Exercise:
After locating the line with "Rex Brasher Bird", set down that line and all the lines that follow it, unchanged, to the end of the records; omit the pictures.

Information provided:
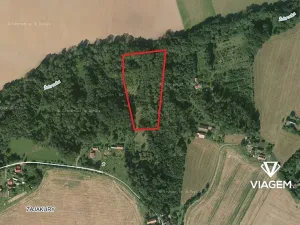 Prodej podílu lesa, Sobotka, 2241 m2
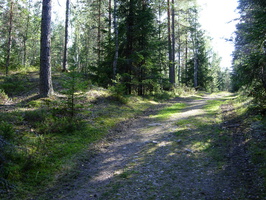 Lounatjoki-13.jpg
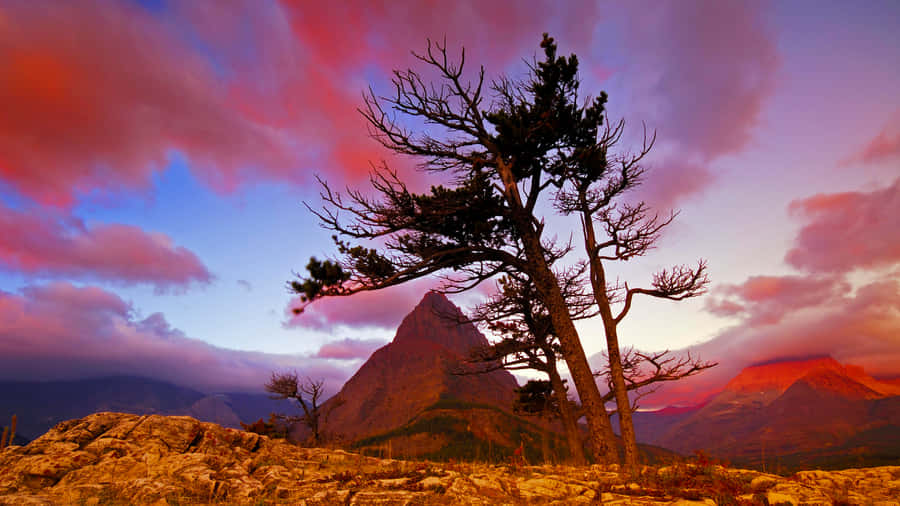 Unlocking The Best Of Google Wallpaper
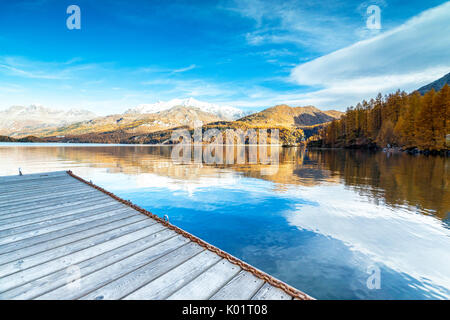 Bunte Wälder spiegelt sich in den blauen Silsersee im Herbst Plaun da Lej Oberengadin Kanton Graubünden-Schweiz-Europa Stockfoto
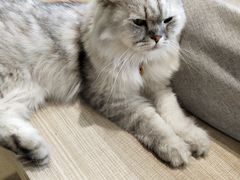 -藏猫猫咖啡主题馆(中央大道店)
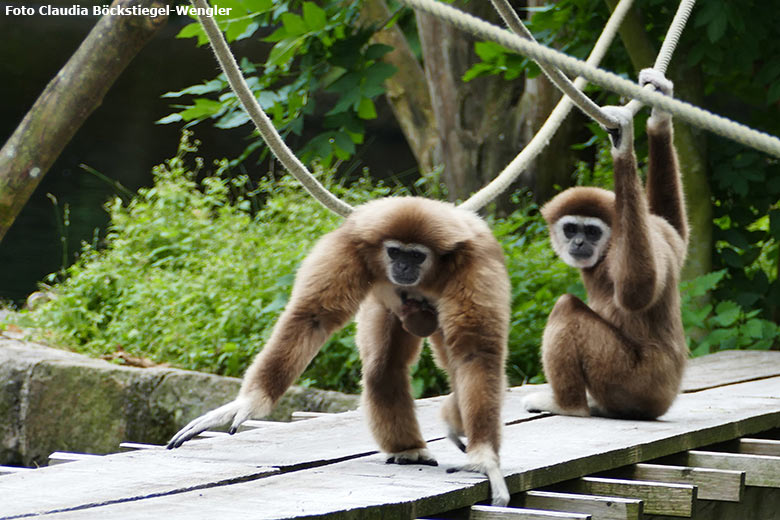 Weißhandgibbon-Weibchen FILOMENA mit Jungtier und Weißhandgibbon-Männchen JUNIOR am 3. August 2020 auf der Außenanlage am Gibbon-Haus am Großen-Teich im Grünen Zoo Wuppertal (Foto Claudia Böckstiegel-Wengler)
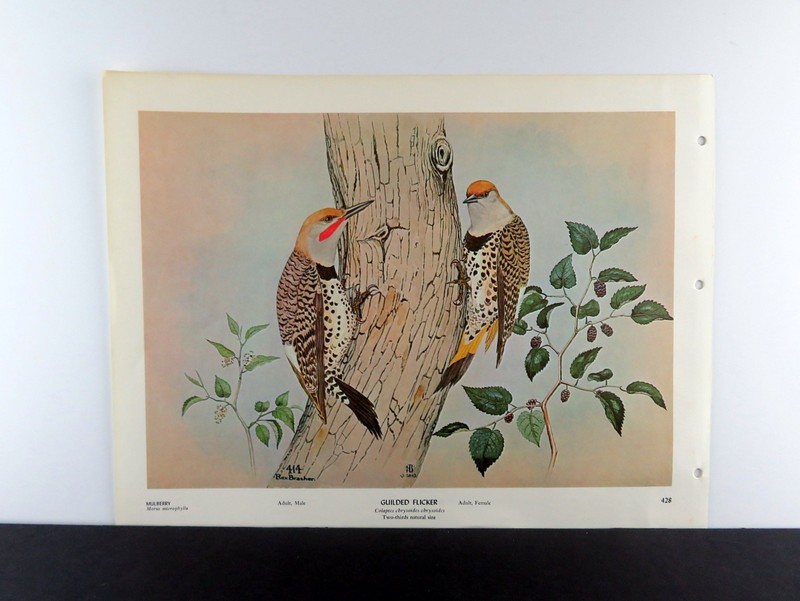 Rex Brasher Bird Print, Gilded Flicker, 16x12 in. gallery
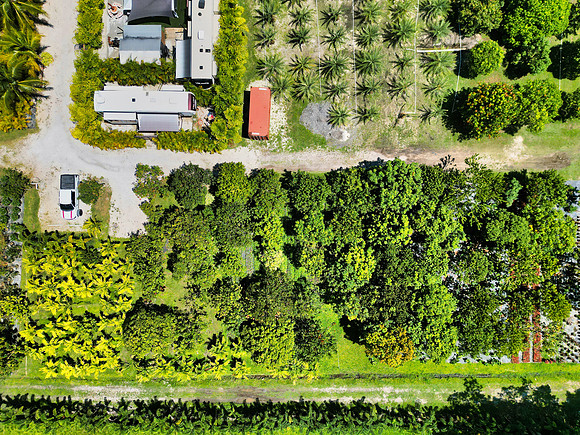 DJI_0020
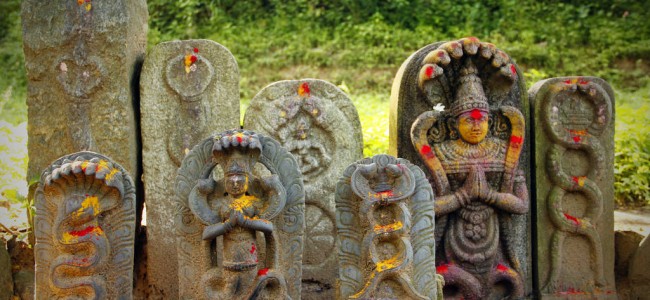 010814-ci-nag-panchami-naag-panchami-festivals-of-snakes-1-650x300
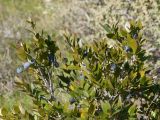 Myrtus communis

Answer box:
 Rex Brasher Bird Print, Gilded Flicker, 16x12 in. gallery
 DJI_0020
 010814-ci-nag-panchami-naag-panchami-festivals-of-snakes-1-650x300
 Myrtus communis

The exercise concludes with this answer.